ASSIGNMENT. Make the copy match the entries below exactly, with no pictures carried over.

THE RECORDS below:

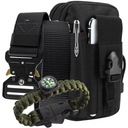 ВОЕННАЯ СУМКА ЧЕРНАЯ ВОДОНЕПРОНИЦАЕМЫЙ РЕМЕНЬ ДЛЯ ВЫЖИВАНИЯ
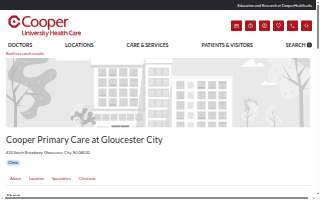 Cooper Internal Medicine at Gloucester City website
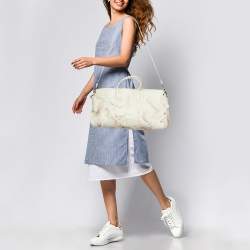 مملوكة مسبقًا Bottega Veneta Cream Intrecciato Leather Limited Edition 055/100 Tote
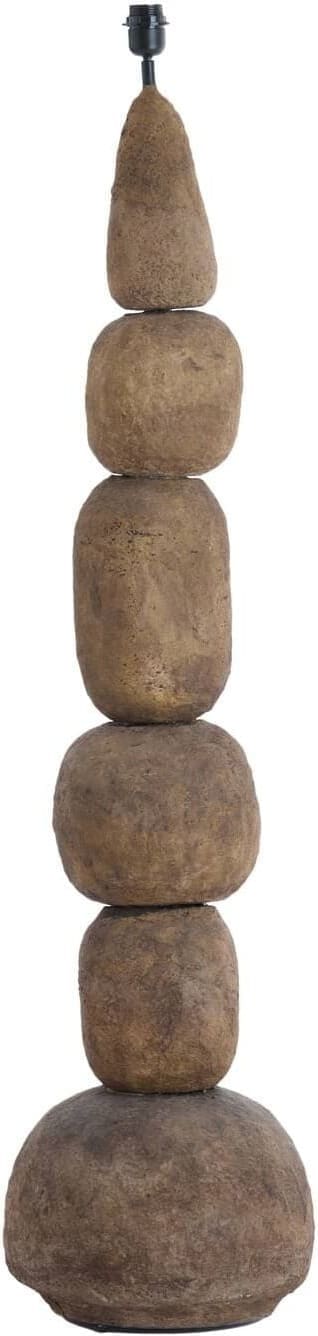 Vloerlamp Marree - Donker Bruin Light & Living Vloerlamp 8216083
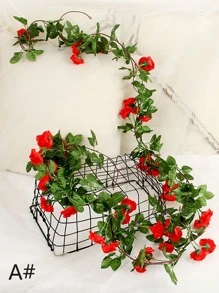 1pc Artificial Flower Vine Decoration - Multicolor - View 7
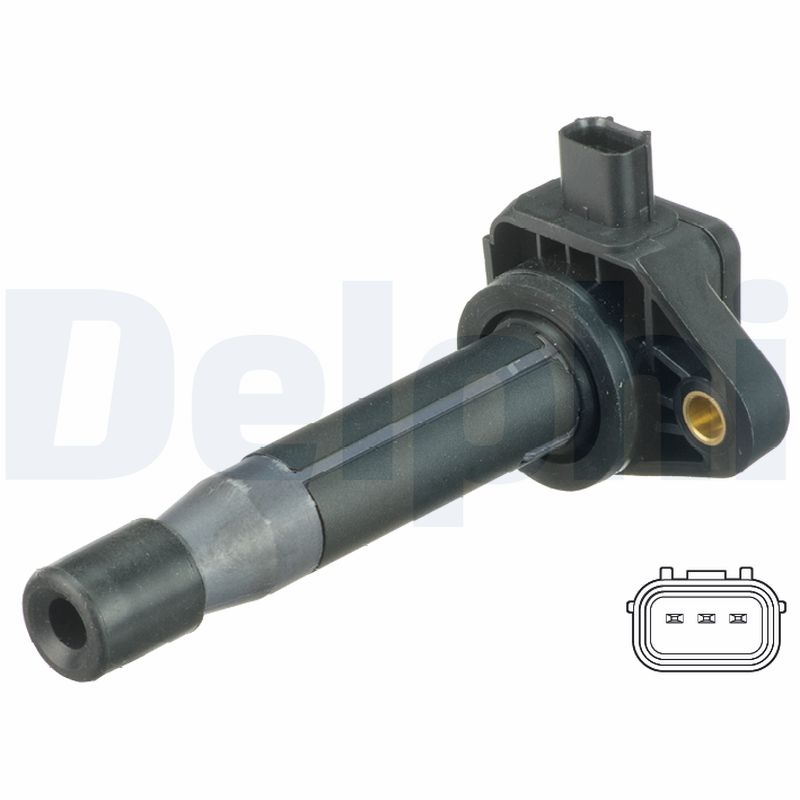 DELPHI Tændspole gn1042612b1 for HONDA ACURA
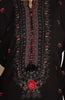 Sadabahar Printed Viscose Stitched RTW – D-05 - Black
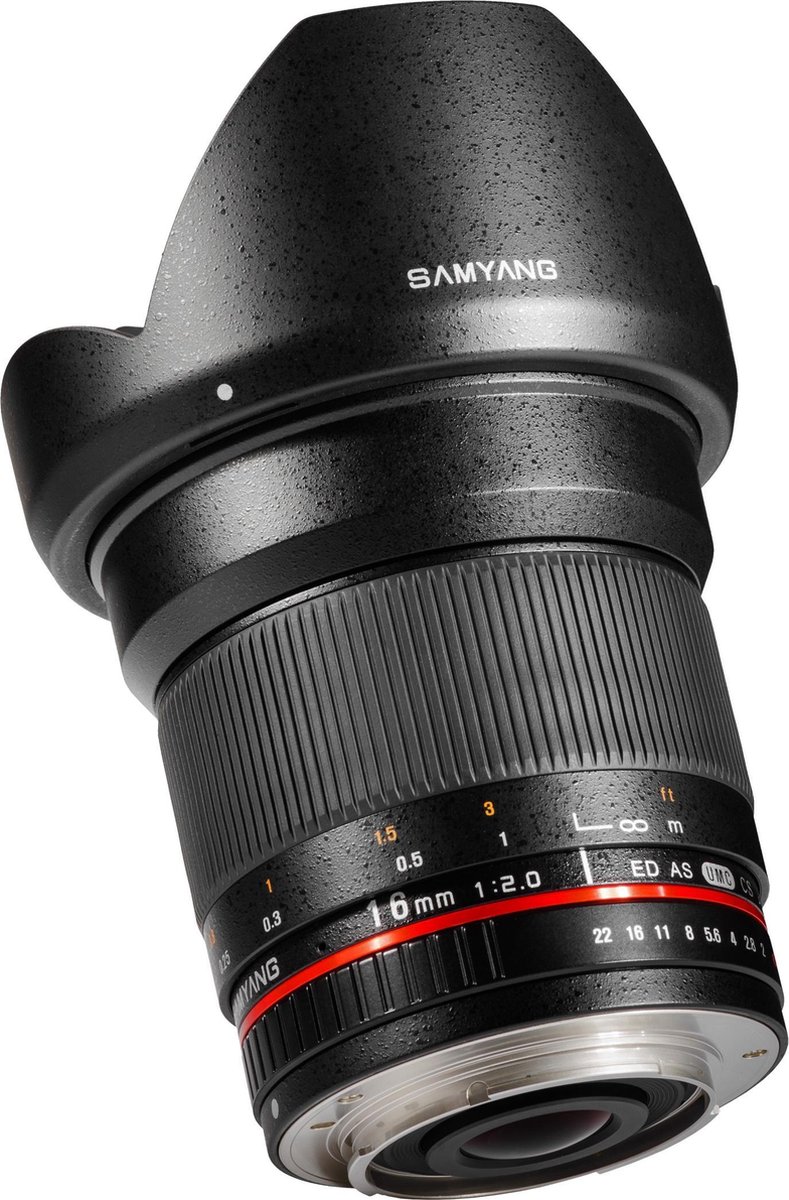Samyang 16mm F2.0 ED AS UMC CS - Prime lens - geschikt voor Nikon Spiegelreflex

End of THE RECORDS.

SOLUTION.
 ВОЕННАЯ СУМКА ЧЕРНАЯ ВОДОНЕПРОНИЦАЕМЫЙ РЕМЕНЬ ДЛЯ ВЫЖИВАНИЯ
 Cooper Internal Medicine at Gloucester City website
 مملوكة مسبقًا Bottega Veneta Cream Intrecciato Leather Limited Edition 055/100 Tote
 Vloerlamp Marree - Donker Bruin Light & Living Vloerlamp 8216083
 1pc Artificial Flower Vine Decoration - Multicolor - View 7
 DELPHI Tændspole gn1042612b1 for HONDA ACURA
 Sadabahar Printed Viscose Stitched RTW – D-05 - Black
Samyang 16mm F2.0 ED AS UMC CS - Prime lens - geschikt voor Nikon Spiegelreflex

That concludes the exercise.